Information »
--- START ---

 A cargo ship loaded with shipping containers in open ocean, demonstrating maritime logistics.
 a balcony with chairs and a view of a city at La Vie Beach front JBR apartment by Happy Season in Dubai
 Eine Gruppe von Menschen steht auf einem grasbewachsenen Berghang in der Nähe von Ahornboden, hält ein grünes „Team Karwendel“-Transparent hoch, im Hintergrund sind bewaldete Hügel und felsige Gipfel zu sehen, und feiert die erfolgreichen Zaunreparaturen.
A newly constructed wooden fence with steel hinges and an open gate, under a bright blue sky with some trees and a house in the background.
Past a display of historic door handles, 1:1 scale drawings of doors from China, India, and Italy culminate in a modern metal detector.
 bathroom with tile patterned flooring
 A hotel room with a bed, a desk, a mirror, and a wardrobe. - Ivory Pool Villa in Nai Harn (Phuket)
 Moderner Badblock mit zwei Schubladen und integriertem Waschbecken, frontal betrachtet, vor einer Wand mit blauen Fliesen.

--- END ---
--- START ---

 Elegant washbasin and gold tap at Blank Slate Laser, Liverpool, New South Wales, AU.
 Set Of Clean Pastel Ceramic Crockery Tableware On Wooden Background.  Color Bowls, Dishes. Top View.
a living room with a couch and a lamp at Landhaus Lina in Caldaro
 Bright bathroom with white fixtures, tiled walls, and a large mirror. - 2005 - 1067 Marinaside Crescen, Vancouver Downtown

--- END ---
--- START ---

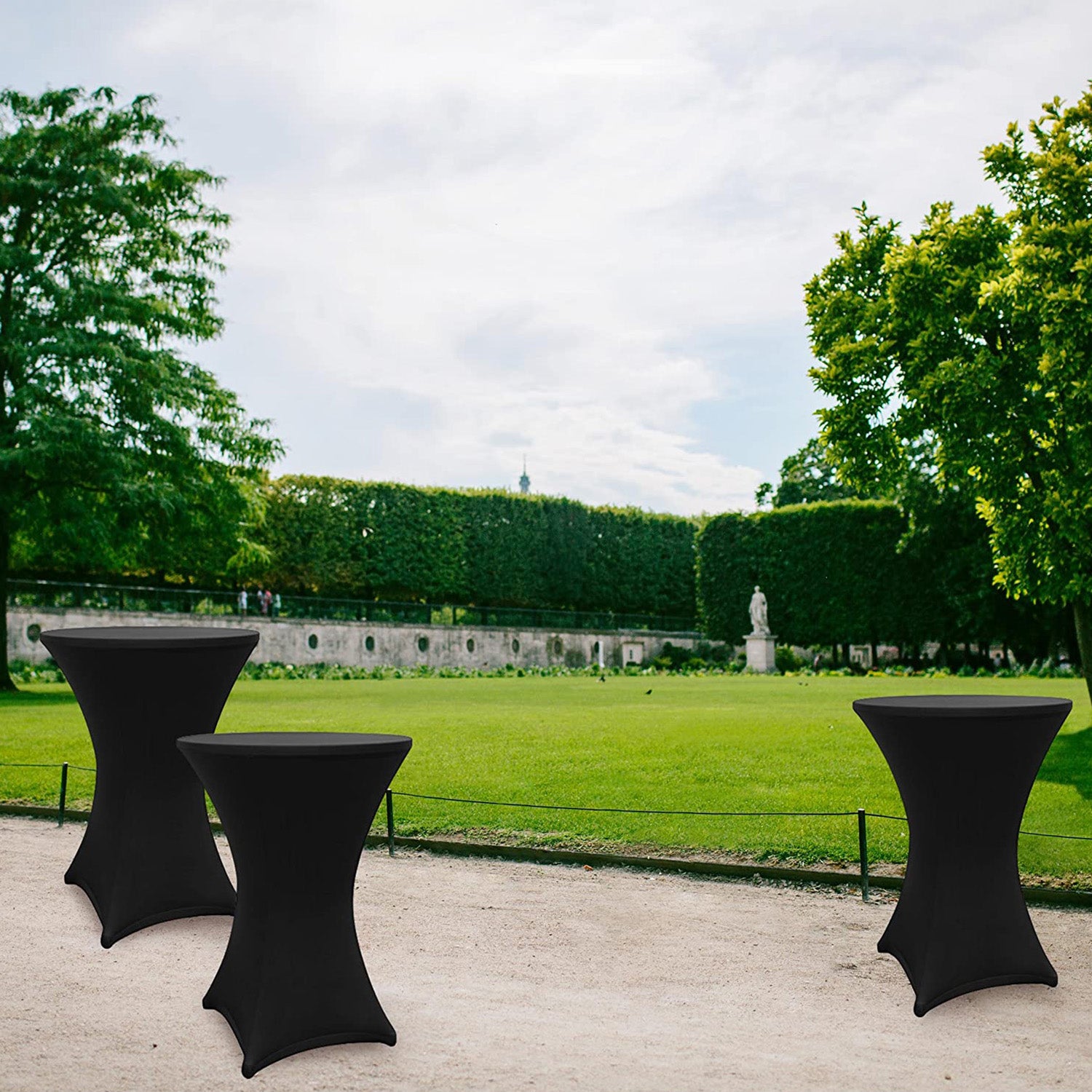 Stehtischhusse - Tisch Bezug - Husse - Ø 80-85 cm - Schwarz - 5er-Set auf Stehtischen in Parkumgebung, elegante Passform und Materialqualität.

--- END ---

Once you have read the records above, say how many of their lines contain the word "mirror", giving only that figure.

2